Chiefs Ajibola Ige and Olu Falae were the two personalities aspiring to become the presidential standard bearer of the AD. It was not only the grand old men that found this situation emotionally enervating, the young ones were similarly torn apart. The Afenifere constituted a conclave of 23 men to confront the challenge and make a choice between six and half a dozen. In the end, Falae prevailed and in consequence and all too predictably, the group literarily fell apart and was no longer at ease (apologies to Chinua Achebe). Ige had the presumed advantage of being a senior contender both in age and membership over Falae. He was in fact the deputy leader to Senator Abraham Adesanya. Next to Chief Obafemi Awolowo he was undoubtedly the most popular Yoruba politician in living memory; he was also an unapologetic Yoruba irredentist.
Falae was a technocrat and a newcomer to the Afenifere. He had a lifelong career as a civil servant in the Federal Public Service which gave him national exposure and confer on him the aura of a cosmopolitan. He distinguished himself as a steady, capable and knowledgeable public servant. There were rumours to the effect that peer rivalry and jealousy among Ige’s Afenifere colleagues played a role in the preference of Falae. All told I felt the umpires made the right call. I will elaborate on this later.
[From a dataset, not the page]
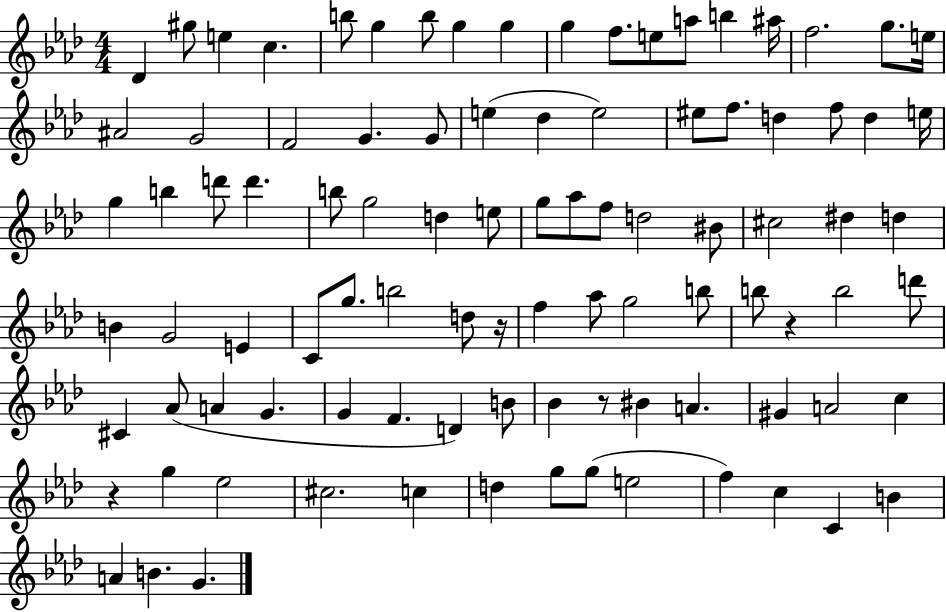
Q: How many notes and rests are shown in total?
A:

President Olusegun Obasanjo is a man of destiny. An early inkling of this attribution was the prophetic foresight of the then military governor of the Northern Region, Colonel Hassan Usman Katsina. In the thick of the 1966 crisis, Obasanjo had to leave Kaduna in a hurry - there was the fear that the safety of military officers of Southern origin was no longer guaranteed. Katsina assigned two armoured vehicles to secure his journey to the airport and warned that Obasanjo must come to no harm because Nigeria was going to need him in the future. At the outbreak of the civil war, Obasanjo was stationed at Ibadan as Commander of the Western sector.  There was a group called the Third Force whose leadership comprised Professor Wole Soyinka and the late Brigadier Victor Banjo - who emerged as the improbable Field Marshal of the Biafra army - he was in detention in Enugu and was a friend and colleague of Colonel Emeka Ojukwu. It was in this capacity that he was coopted into the Biafra army.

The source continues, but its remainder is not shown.